One thing that I noted was the Omni Facet Head has the index pin on the bottom of the head. At the time I wrote the article I noted that I didn’t like it because you have to life the head up to see what index you’re on. Since then I’ve realized that there are other drawbacks to having this located on the bottom of the faceting head.
Have a look at this photo. You can see that I have a stone that I wanted to preform on the dop, and the head is set to 59.5 degrees. The lap on the machine is an old Crystalite 600 plated lap, about 1/2″ thick. I’ve lowered the Omni Facet Head so the stone is almost touching the lap.

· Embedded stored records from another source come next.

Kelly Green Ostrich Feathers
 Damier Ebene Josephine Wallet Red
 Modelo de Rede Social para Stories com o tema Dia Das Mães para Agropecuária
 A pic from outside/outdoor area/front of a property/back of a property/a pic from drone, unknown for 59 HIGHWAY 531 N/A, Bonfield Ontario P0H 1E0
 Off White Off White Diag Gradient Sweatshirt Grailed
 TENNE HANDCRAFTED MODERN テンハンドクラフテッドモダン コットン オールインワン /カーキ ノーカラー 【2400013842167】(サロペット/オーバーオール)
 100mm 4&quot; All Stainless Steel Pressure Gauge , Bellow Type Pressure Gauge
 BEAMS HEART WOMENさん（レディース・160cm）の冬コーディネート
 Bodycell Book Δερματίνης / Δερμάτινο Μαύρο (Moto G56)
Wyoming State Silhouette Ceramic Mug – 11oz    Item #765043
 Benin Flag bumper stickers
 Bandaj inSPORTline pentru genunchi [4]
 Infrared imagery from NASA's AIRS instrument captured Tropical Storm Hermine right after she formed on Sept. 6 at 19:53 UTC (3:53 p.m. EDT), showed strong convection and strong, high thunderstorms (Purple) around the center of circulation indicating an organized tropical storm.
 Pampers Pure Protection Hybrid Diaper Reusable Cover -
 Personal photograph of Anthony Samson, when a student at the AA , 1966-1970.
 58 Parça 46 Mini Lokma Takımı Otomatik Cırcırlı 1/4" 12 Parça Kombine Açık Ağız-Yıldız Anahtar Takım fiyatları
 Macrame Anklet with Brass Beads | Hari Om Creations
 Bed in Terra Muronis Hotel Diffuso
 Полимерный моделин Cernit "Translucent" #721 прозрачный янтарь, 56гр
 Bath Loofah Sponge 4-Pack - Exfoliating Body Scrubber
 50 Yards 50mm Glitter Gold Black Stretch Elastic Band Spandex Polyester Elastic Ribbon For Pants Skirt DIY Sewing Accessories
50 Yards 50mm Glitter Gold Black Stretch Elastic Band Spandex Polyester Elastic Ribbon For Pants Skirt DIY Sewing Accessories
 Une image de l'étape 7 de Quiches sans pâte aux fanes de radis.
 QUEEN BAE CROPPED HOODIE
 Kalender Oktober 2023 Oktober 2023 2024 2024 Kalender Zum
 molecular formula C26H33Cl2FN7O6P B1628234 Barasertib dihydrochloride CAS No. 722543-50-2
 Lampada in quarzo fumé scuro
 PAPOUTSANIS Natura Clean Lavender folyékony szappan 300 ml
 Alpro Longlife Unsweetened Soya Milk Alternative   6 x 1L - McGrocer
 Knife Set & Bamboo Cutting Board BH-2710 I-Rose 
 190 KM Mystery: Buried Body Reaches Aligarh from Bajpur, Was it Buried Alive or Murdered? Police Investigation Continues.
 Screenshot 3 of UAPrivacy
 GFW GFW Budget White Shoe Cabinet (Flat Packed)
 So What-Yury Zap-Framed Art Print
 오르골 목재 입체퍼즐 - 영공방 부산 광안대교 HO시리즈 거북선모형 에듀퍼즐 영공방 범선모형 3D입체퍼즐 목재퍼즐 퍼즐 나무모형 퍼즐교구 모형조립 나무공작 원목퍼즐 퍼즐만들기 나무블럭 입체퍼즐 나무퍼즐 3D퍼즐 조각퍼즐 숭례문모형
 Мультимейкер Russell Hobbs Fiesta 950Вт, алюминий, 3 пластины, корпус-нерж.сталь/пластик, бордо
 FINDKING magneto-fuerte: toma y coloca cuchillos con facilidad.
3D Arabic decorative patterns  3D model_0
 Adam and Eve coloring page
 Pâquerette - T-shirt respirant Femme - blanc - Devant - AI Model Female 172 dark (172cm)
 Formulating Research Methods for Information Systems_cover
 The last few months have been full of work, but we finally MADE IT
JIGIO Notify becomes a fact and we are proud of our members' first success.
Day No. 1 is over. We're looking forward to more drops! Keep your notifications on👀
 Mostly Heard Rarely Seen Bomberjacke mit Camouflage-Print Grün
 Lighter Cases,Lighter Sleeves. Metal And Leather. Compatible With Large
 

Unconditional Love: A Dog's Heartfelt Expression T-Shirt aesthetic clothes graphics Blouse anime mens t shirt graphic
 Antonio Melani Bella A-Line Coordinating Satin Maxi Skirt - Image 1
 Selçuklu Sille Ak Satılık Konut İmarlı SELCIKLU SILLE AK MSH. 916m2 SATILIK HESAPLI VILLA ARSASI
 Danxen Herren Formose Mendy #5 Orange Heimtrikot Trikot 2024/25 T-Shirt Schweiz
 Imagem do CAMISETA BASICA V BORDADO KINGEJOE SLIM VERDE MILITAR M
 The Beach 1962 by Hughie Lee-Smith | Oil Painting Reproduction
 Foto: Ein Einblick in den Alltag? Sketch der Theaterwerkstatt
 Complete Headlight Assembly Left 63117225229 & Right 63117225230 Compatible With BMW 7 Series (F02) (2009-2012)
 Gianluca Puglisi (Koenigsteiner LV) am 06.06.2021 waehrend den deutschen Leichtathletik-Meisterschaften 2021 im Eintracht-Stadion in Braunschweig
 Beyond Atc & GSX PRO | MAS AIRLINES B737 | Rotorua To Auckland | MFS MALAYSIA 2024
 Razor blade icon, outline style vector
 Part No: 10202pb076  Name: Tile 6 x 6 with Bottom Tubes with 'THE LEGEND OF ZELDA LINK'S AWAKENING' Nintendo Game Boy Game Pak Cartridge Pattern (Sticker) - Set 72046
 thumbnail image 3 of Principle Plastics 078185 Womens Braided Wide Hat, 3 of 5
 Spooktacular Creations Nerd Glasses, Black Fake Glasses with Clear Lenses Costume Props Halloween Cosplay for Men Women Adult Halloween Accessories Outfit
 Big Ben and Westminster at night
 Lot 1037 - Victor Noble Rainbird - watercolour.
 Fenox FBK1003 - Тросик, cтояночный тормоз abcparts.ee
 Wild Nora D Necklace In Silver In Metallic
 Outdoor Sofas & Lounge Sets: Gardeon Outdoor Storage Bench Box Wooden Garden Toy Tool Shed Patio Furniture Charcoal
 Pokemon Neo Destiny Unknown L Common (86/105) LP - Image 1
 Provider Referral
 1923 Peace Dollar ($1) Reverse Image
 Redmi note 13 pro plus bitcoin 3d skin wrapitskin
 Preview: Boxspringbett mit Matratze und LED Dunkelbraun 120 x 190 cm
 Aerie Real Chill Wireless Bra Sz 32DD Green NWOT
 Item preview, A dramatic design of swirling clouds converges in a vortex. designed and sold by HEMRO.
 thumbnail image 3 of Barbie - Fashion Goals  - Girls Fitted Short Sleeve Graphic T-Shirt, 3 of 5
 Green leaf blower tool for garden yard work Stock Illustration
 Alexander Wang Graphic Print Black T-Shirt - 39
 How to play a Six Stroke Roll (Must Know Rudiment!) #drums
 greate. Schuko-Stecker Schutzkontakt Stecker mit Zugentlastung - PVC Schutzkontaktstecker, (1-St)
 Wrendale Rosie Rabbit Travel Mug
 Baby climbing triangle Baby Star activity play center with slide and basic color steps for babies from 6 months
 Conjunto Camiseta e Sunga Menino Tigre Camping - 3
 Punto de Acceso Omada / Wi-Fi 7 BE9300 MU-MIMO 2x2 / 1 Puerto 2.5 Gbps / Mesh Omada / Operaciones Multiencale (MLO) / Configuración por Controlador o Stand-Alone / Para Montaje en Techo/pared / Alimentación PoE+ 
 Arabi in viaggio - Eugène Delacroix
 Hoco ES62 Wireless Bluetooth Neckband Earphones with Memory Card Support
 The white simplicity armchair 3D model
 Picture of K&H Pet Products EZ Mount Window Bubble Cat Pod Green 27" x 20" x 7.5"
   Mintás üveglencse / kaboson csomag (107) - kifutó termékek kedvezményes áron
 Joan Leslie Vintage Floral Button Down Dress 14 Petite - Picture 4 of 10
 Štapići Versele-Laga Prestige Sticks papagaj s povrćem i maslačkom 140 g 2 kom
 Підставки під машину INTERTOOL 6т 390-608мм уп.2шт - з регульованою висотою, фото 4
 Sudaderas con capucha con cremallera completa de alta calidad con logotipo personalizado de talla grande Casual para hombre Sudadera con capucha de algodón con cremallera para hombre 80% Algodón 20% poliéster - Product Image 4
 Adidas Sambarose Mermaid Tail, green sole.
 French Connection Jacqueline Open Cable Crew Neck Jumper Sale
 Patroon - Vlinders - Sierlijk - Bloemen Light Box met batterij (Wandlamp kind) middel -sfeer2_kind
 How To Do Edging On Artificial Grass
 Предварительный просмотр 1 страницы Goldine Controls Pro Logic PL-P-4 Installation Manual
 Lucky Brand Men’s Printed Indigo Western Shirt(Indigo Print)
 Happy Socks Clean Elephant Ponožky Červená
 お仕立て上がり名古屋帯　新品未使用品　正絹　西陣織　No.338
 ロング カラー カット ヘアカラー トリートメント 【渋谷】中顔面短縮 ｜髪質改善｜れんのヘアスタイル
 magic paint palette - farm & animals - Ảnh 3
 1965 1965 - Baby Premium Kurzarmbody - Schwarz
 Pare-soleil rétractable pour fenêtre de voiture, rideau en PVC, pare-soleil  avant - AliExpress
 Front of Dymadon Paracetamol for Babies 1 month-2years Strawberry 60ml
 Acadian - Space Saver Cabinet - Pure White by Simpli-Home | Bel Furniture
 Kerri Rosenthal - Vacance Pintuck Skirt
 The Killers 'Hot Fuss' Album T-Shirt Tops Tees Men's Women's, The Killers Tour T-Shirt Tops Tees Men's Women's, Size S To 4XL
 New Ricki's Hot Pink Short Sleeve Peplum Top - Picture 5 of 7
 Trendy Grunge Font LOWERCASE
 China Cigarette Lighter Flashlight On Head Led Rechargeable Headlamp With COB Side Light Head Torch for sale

Now look at the close-up photo. Notice that the metal parts that house the Cheater and Index Pin are bulky and now contact the edge of the Splash Pan. This severely limits the movement of the stone across the lap.
Here are two photos showing a top view. Notice that you only have about 1″ of travel across the lap before the stone either hits the lap screw or the Facet Head hits the edge of the Splash Pan.
What this means is if you are cutting a stone at an angle higher than about 50 degrees, you will have to cut the stone through the girdle cut-out in the Splash Pan. This means you will need to change the orientation of the Swing Arm (and consequently the stone’s orientation to the Platen and lap).
This is bad – in order to maintain the same alignment of the stone to the lap, you should be cutting swinging the stone from the 6 o’clock position to the center of the lap as much as possible. By forcing you to cut in the girdle-grinding position, you have much less travel (due to the limited size of the Splash Pan cut-out) and you are also not cutting on the optimum areas of the lap. It’s also one of the reasons I’ve been frustrated trying to cut rectangular and step-cut stones – moving the Swing Arm position changes the orientation of the stone to your lap.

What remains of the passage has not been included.